Knoflook

Verse knoflook. Uit een potje?

Ooit had ik het plan een punkband te beginnen met de naam knoflook. Het is er nooit van gekomen en dat is maar goed ook, want ik heb niet zo veel talent voor het maken van muziek. Met een snufje Red Hot Chili Peppers en een flinke dosis Fresh Fruit For Rotting Vegetables zou wel een goeie band geworden zijn. Tegenwoordig is er een Nederlands bandje dat Rosemary and Garlic heet. Ze maken geen punk, maar een beetje zweverige folky muziek. Best aardig.

Blijft de vraag: wat is er zo punk aan knoflook? Om te beginnen is het een van de weinige planten die niet pas lafjes in het voorjaar start als alles weer warm, groen en snoezig begint te worden. Nee, een knoflookteentje gaat hardcore in de herfst de grond in, steekt na een paar weken een opstandig groen sprietje omhoog dat de hele winter blijft staan om in het voorjaar uit te groeien tot een flinke plant. Onderaan de plant net onder de grond zit de bekende bol met tenen. Deze kan je in juli oogsten.

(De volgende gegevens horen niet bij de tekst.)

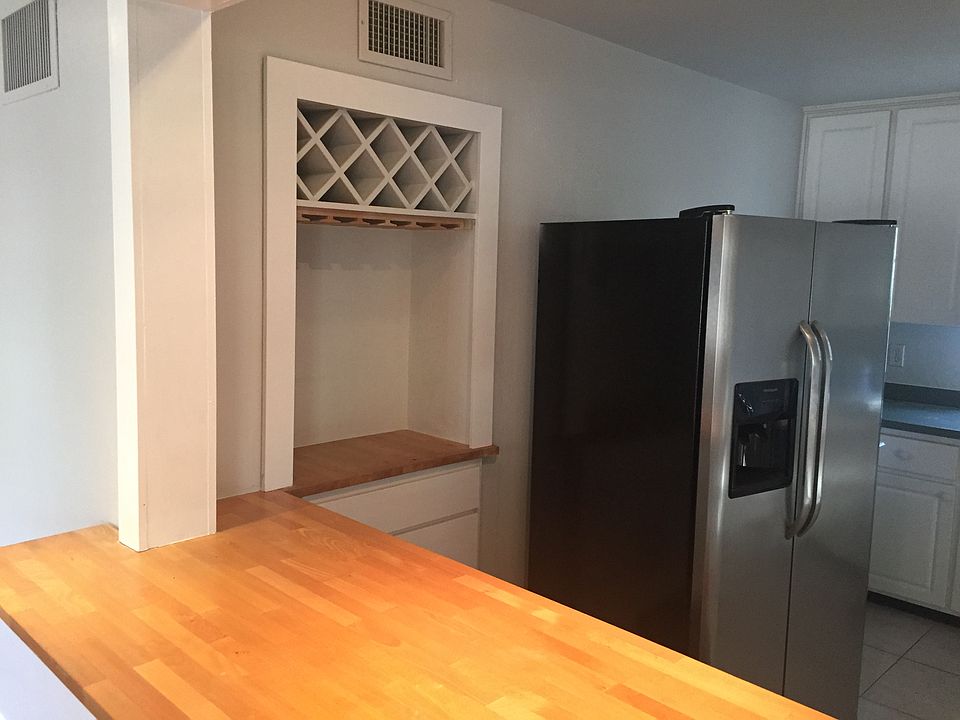 1st image of 14 N Hillside Ave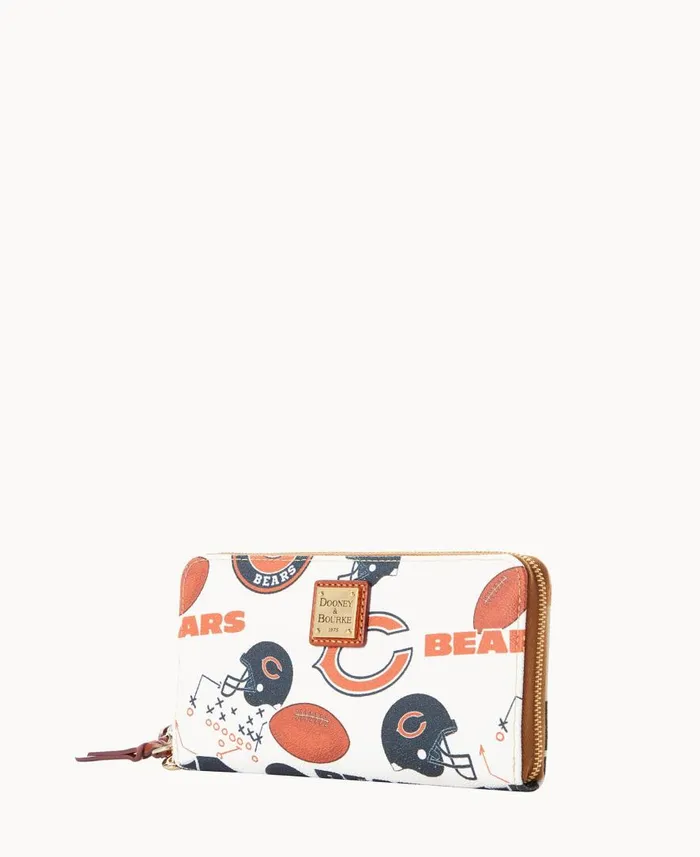 ManWoman NFL Bears Large Zip Around Wristlet Bears Dooney and Bourke Wallets ManWoman NFL Bears Large Zip Around Wristlet Bears Dooney and Bourke Wallets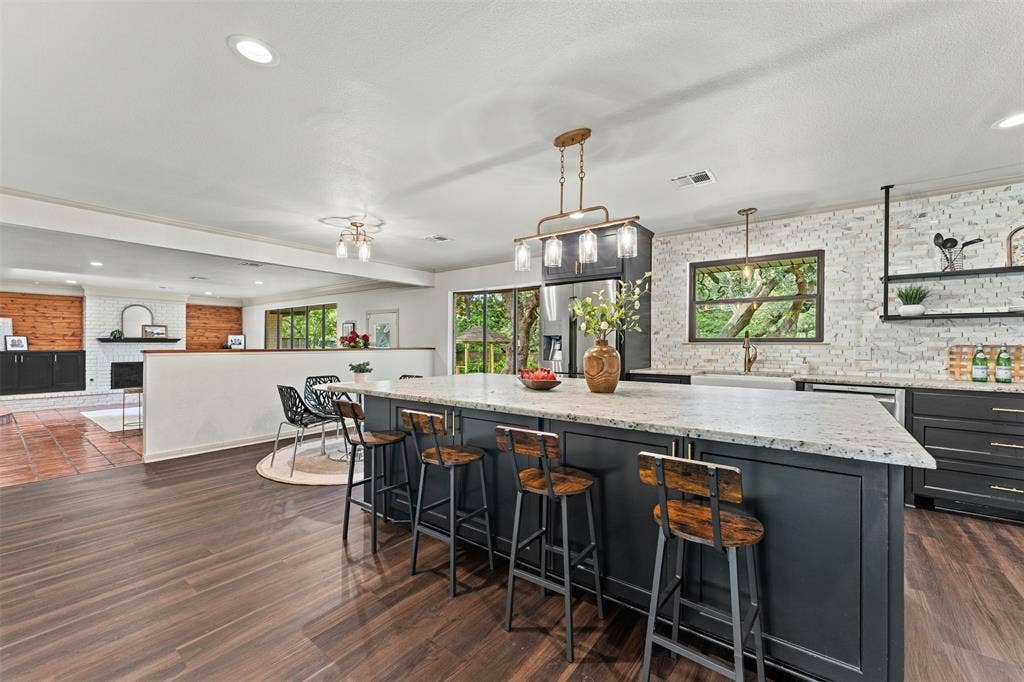 5015 Meadow Wood Drive, Waco, TX 76710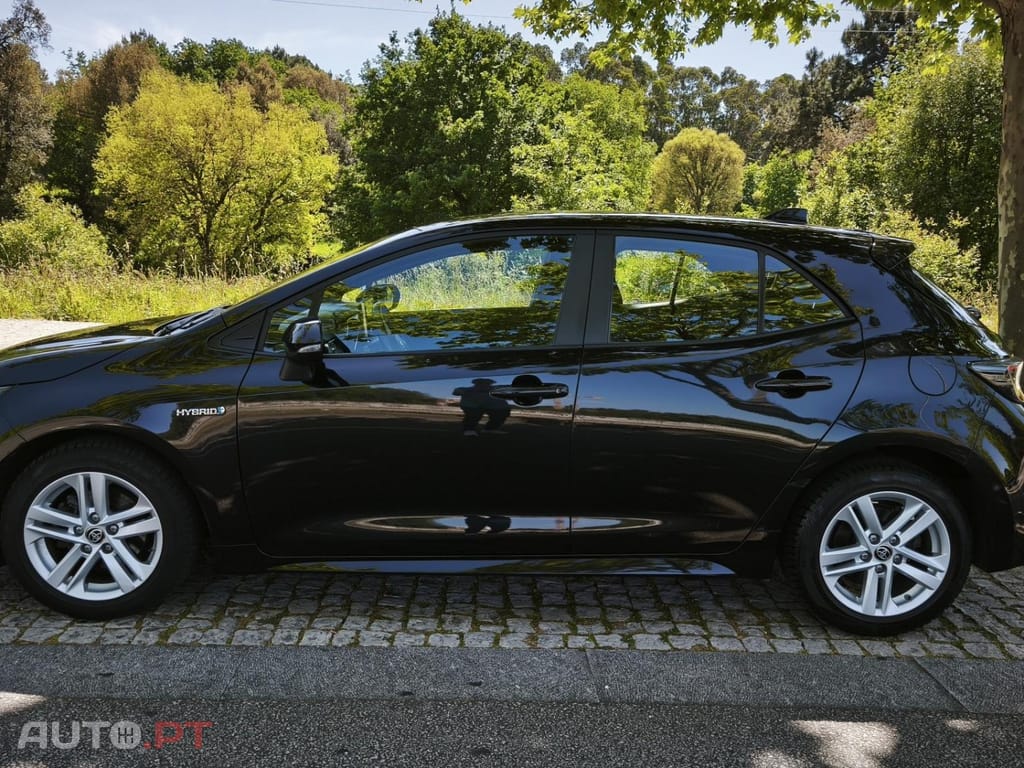 Toyota Corolla 1.8 Hybrid Comfort+P.Sport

Vanaf eind september, begin oktober kan de herfstknoflook dus de grond in. Er is ook voorjaarsknoflook. Die plant je, als het weer het toelaat, in de loop van februari. Je plant de teentjes ongeveer vijf centimeter diep, een centimeter of 10 in de rij, 25 tussen de rijen. Knoflook houdt van lekker losse grond met een beetje extra kali voor de vorming van de bol. Die teentjes, dat kunnen best teentjes zijn van een bolletje uit de supermarkt. Zoek dan wel de dikste tenen uit, anders krijg je hele iele plantjes. Het werkt, maar echt briljant worden de nakomelingen van supermarktteen nooit. Je krijgt dan een soort Greenday knoflook: het lijkt punk, maar het is het net niet. Een stuk beter werken die mooie dikke bollen die je in Frankrijk vindt. Je kan ze ook bestellen bij de betere zaadhandel. Als je daar een rauwe teen van in je mond steekt, dan weet je zeker: Dead Kennedys!

Als je niet zo thuis bent in de punkbands en je wilt toch weten waarom het de moeite waard is je knoflook zelf te verbouwen, dan moet je het gewoon een keer proberen. Van supermarkttomaten met supermarktknoflook maakt je hooguit een middelmatige salade.  Een salade van supermarkttomaten met home grown knoflook zit qua smaak in een geheel andere wereld.

Bovendien heeft supermarktknoflook een tamelijk belabberde reputatie. Het meeste van dat spul komt uit China en zit dus tijden in een muffe container op zee te dobberen voordat het in de schappen ligt. Ook doen er nogal wat verhalen de ronde over buitensporige hoeveelheden kiemremmers en andere gif in Chinese knoflook. Wat daar allemaal van waar en niet waar is weet ik niet, maar als je het zelf verbouwt hoef je je daar ook geen zorgen over te maken.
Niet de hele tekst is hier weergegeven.